L'éternel débat: à quoi bon jouer à un jeu vidéo dont le gameplay est un échec ? N'est-ce pas le coeur de l'expérience, après tout ?
Mais, si justement, on décide de regarder ce médium comme un terrain d'expérimentations interactives, il y a certainement d'autres voies à explorer que l'amusement primaire et viscéral. C'est mon crédo depuis de nombreuses années. Malheureusement, El Shaddai n'expérimente vraiment que sur un point précis: ses graphismes.
Le but était visiblement de nous faire parcourir de véritables tableaux mouvants avec des lignes ondulantes, des frontières qui s'effritent, des couleurs qui se résorbent et renaissent au gré de nos errances... El Shaddai use et abuse de ces procédés graphiques qui tentent de compenser une faiblesse technique évidente... et ça marche ! Malgré les textures d'une pauvreté parfois affligeante, le plaisir essentiel de cette étrange aventure est de découvrir les audaces visuelles qu'ont imaginé les développeurs pour le prochain monde, la prochaine salle, le prochain couloir.
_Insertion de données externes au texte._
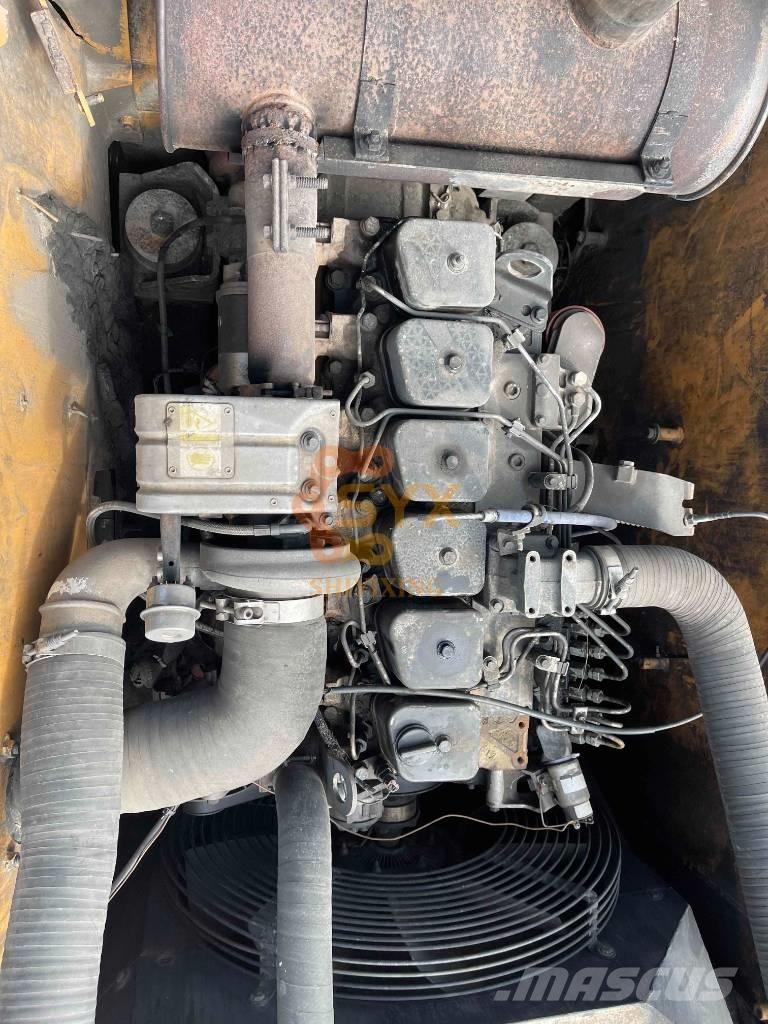 Hyundai R210W-9 轮式挖掘机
El Shaddai devient semblable à un rêve. L'univers est nébuleux, malgré l'histoire extrêmement simple (retrouver et emprisonner des Anges déchus) et échoue à exploiter avec la verve attendue le mysticisme des livres d'Enoch. Alors on avance dans la beauté et la lumière. On se lance dans des combats pêchus et plutôt agréables mais qui souffrent très vite du manque de possibilités offensives dévolues à notre personnage. On subit des séquences de plate-formes, parfois ingénieuses, souvent très laborieuses. Mais on continue à avancer, malgré tout, malgré la sensation d'inconsistance, de confinement, de vide ludique.
El Shaddaï n'est vraiment que ça: la traversée d'une œuvre visuelle, une contemplation sans doute trop linéaire mais jamais désagréable, excepté lors de son final, proprement gâché, où l'enchantement graphique n'existe plus et où les combats deviennent insupportables. Pourquoi vouloir faire un jeu de tout cela ?
Il y a pourtant un niveau, un seul, l'exploration de l'Enfer (je n'en dis pas plus), où, enfin, les séquences de plate-forme entrent en résonance avec le vertige délivré par l'environnement. Un moment hors du temps et de l'espace qui laisse le joueur haletant, presque en transe. Voilà ce que le jeu aurait pu être. Voilà ce qu'il aurait dû être !
El Shaddai étant disponible su Steam, je ne peux que vous inciter à tenter l'expérience: c'est court, pas toujours intense, mais vous y piocherez pas mal d'idées créatives, à demi-exploitées mais offrant une indéniable sensation de fraicheur à défaut de bouleverser fondamentalement vos habitudes de joueurs.